Usman Khan, aveva partecipato a un evento organizzato dalla Cambridge University nella Sala Fishmonger, intitolato “Learning together”. Lo ha precisato il commissario della polizia di Londra Neil Basu. «Riteniamo che l’attacco sia iniziato all’interno – ha spiegato il commissario – prima che (il killer) lasciasse l’edificio per procedere al Ponte».
Il vice rettore dell’Università di Cambridge, Stephen Toope, in una nota si definisce «devastato» per il fatto che l’evento organizzato dal suo istituto di criminologia, sia stato nel mirino dell’aggressore, poi ucciso sul London Bridge dalle forze dell’ordine.

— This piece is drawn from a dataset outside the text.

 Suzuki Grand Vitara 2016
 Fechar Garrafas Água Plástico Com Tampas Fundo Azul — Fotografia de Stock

Khan era stato rilasciato in libertà vigilata l’anno scorso, dopo aver scontato sei anni per reati di terrorismo: avrebbe già tentato di organizzare un attacco a Londra nel 2010, secondo quanto riporta il Guardian.
Condannato nel 2012 e rilasciato a dicembre 2018 “su licenza”, cioè significa che avrebbe dovuto soddisfare determinate condizioni o sarebbe tornato in carcere. Diversi media britannici hanno riferito che indossava un braccialetto elettronico alla caviglia.

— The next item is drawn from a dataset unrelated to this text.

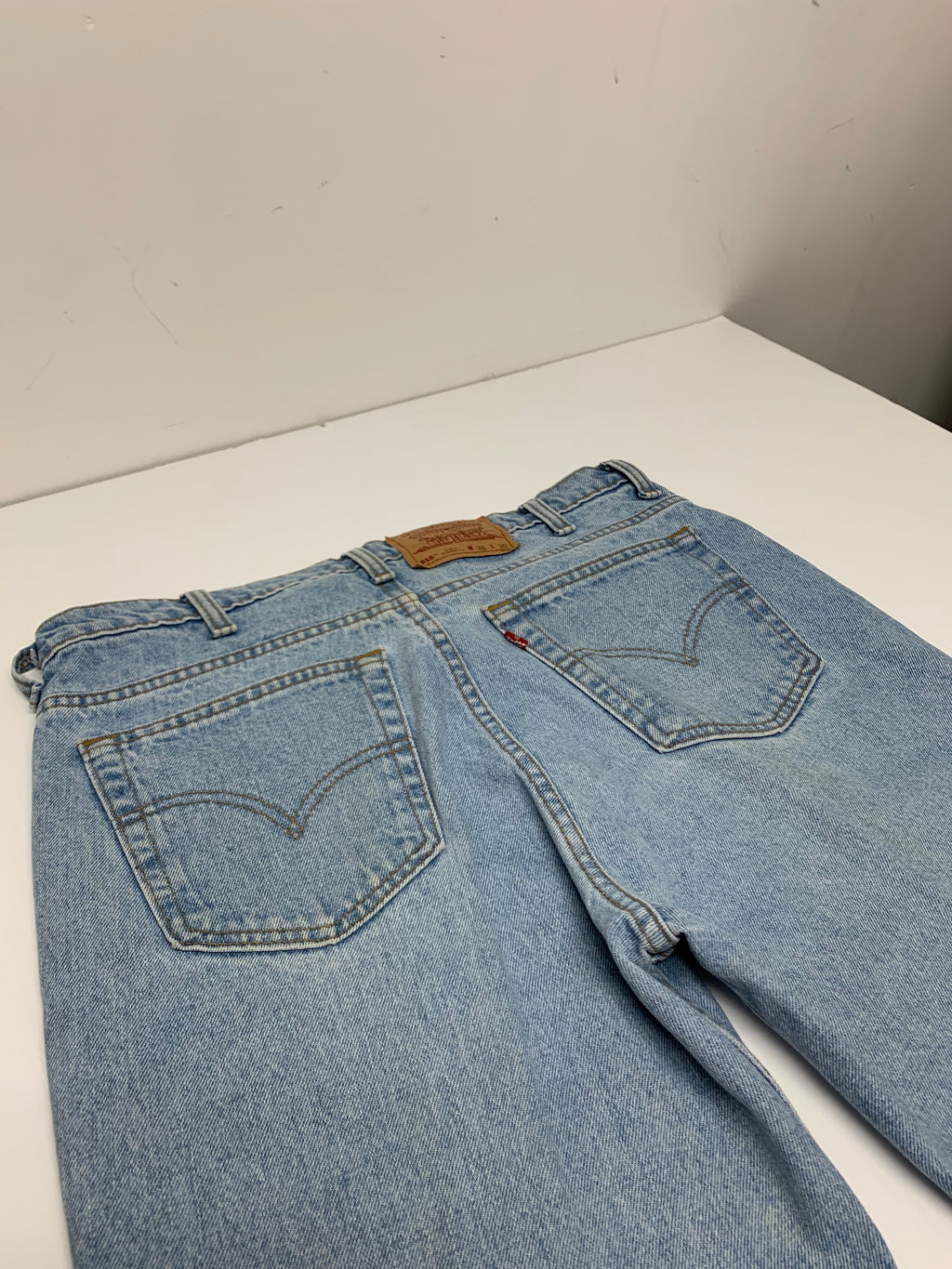 Vintage Light Wash Levi’s 516 36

Sempre secondo il Guardian, Khan aveva fatto parte di una gang di nove estremisti di Stoke-on-Trent, nella contea dello Staffordshire nel Regno Unito. Il suo piano era quello di realizzare una struttura da destinare all’addestramento militare a Kashmir, su un terreno di proprietà della sua famiglia. La gang fu condannata nel 2012 quando Khan aveva solo 21 anni, ed era il più giovane del gruppo.

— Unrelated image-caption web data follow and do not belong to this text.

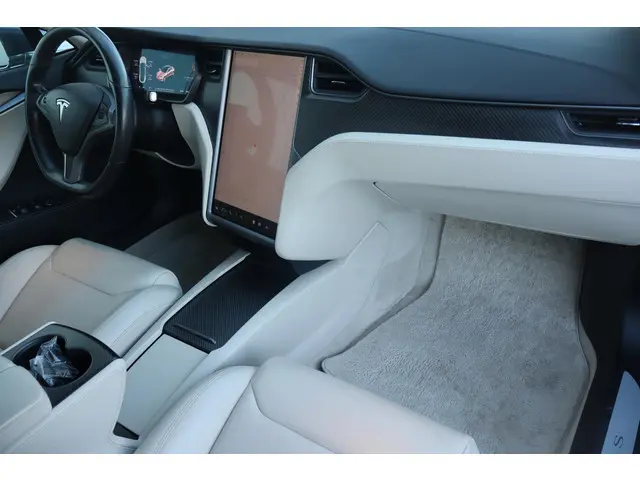Tesla Model S 75D Base 2018 Elektrisch 7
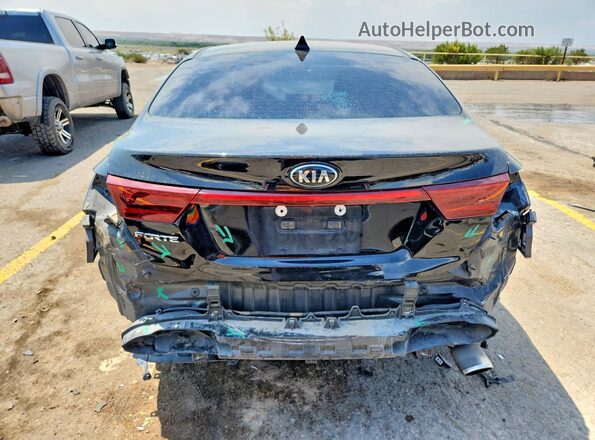 3KPF24AD8KE052418 2019 KIA FORTE Black უკანა ხედი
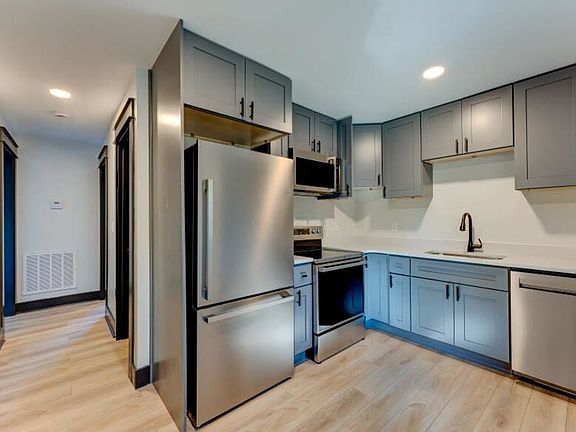 3rd image of 2428 Belvedere Ave #8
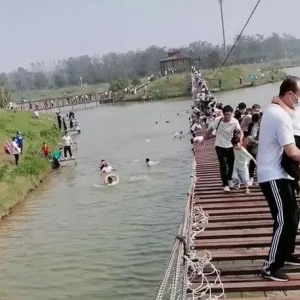 Σ���W(w��ng)�t����ͻȻ���� ��܇�_�뽭��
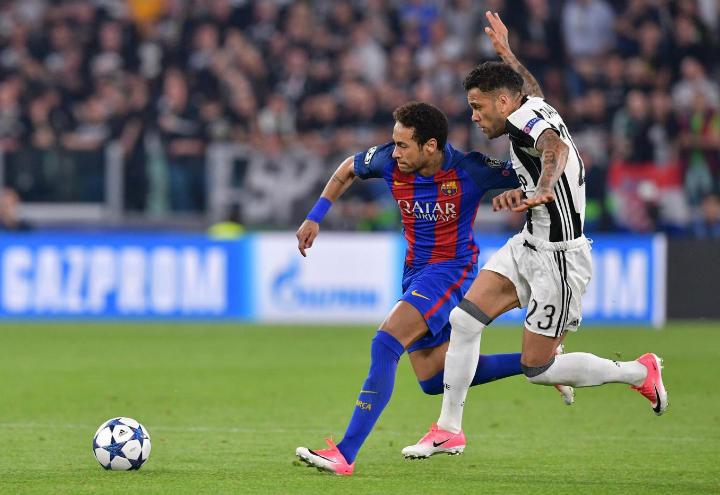 Neymar_DaniAlves_JuveBarcellona_lapresse_2017
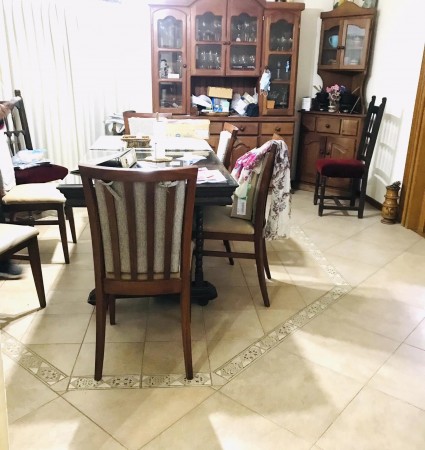 CASA DE CATEGORIA RECIBES DEPTOS  EN PERMUTA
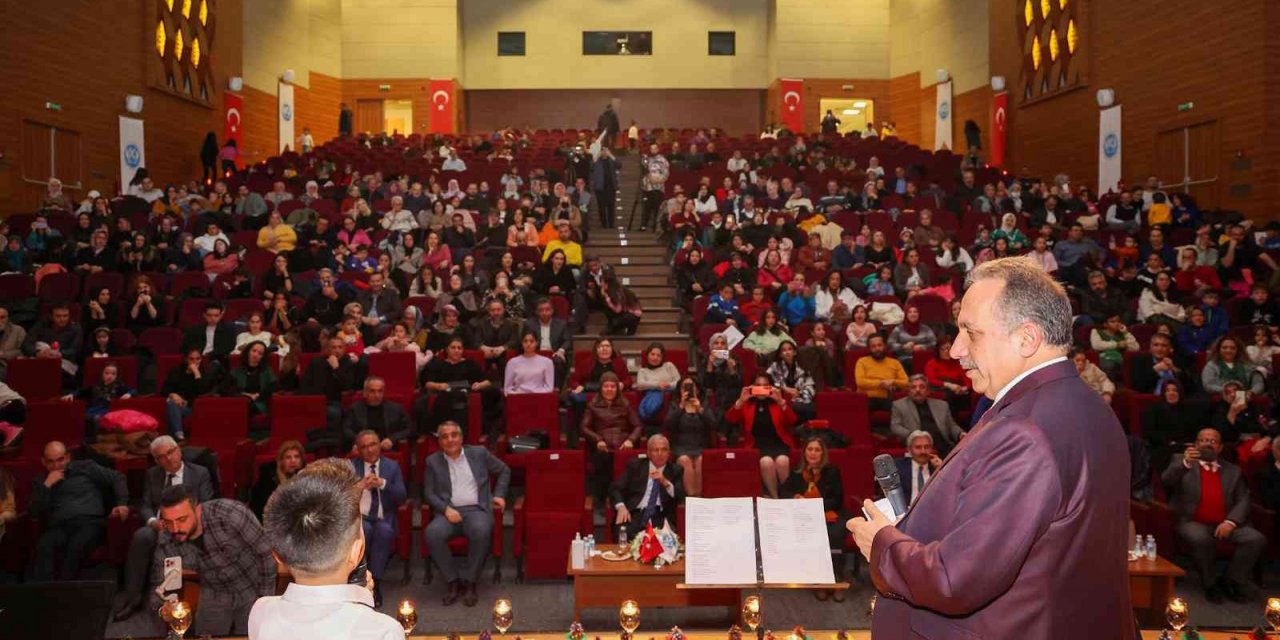 Başkan Yalçın’ın minik öğrenci ile şiir düeti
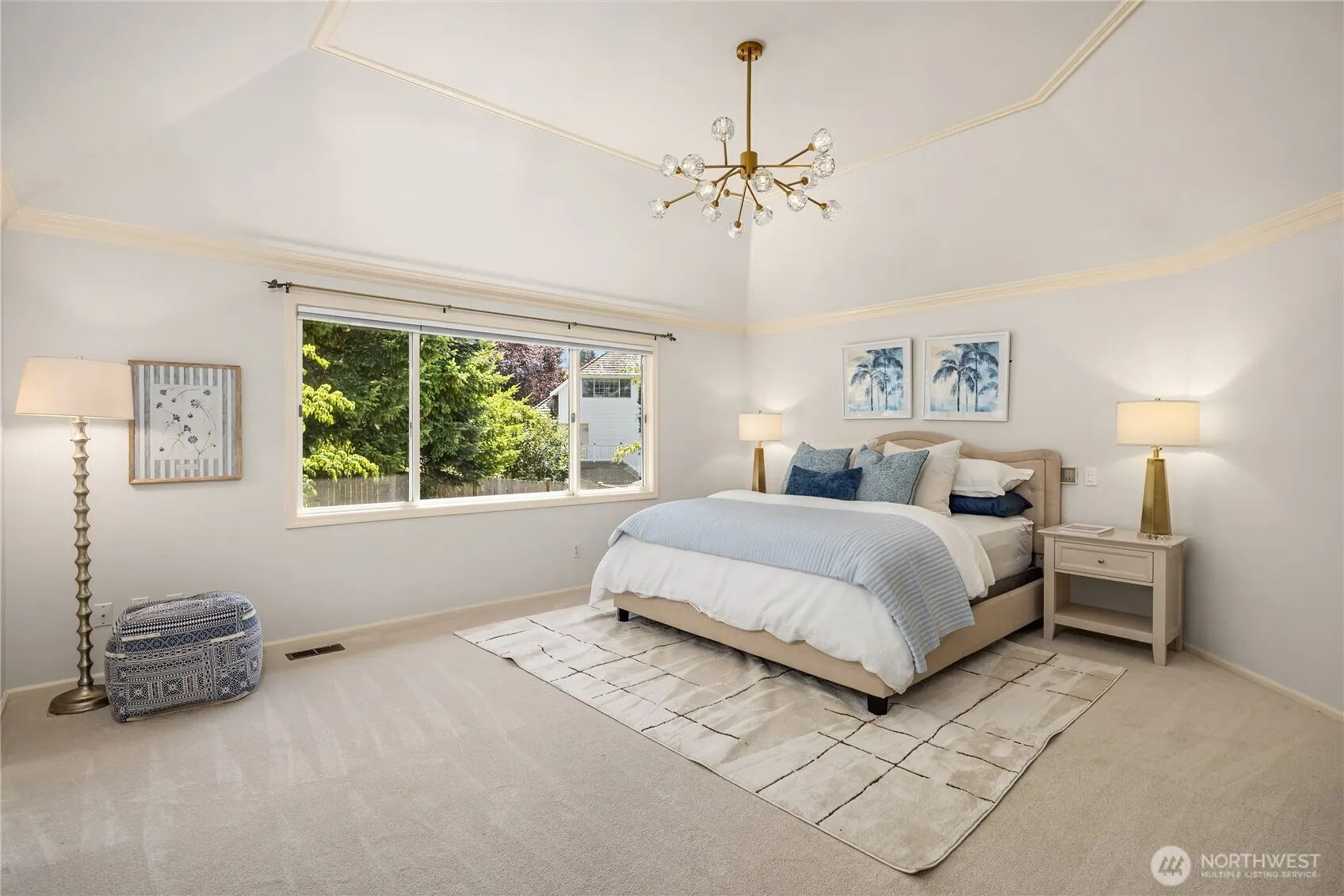 22525 SE 46th Place , Sammamish, WA 98075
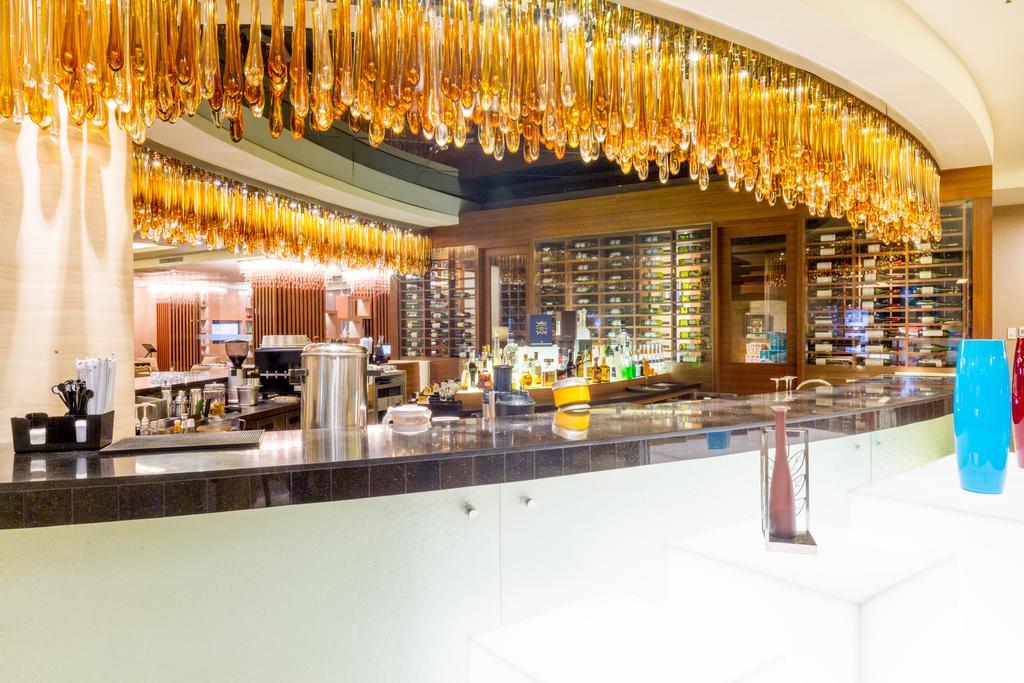 Wyndham Surabaya Hotel Екстериор снимка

Secondo gli inquirenti, Khan «era uno dei jihadisti più pericolosi del gruppo». Secondo un elenco scritto a mano che sarebbe appartenuto allora al gruppo, tra i loro obiettivi c’era l’allora sindaco di Londra Boris Johnson, il Decano della Cattedrale di San Paolo, due rabbini, l’ambasciata Usa e la Borsa di Londra.
Il gruppo sosteneva che meno di 100mila ebrei siano morti nell’Olocausto e ritenavano che Hitler fosse stato dalla parte dei musulmani per aver capito che «gli ebrei erano pericolosi».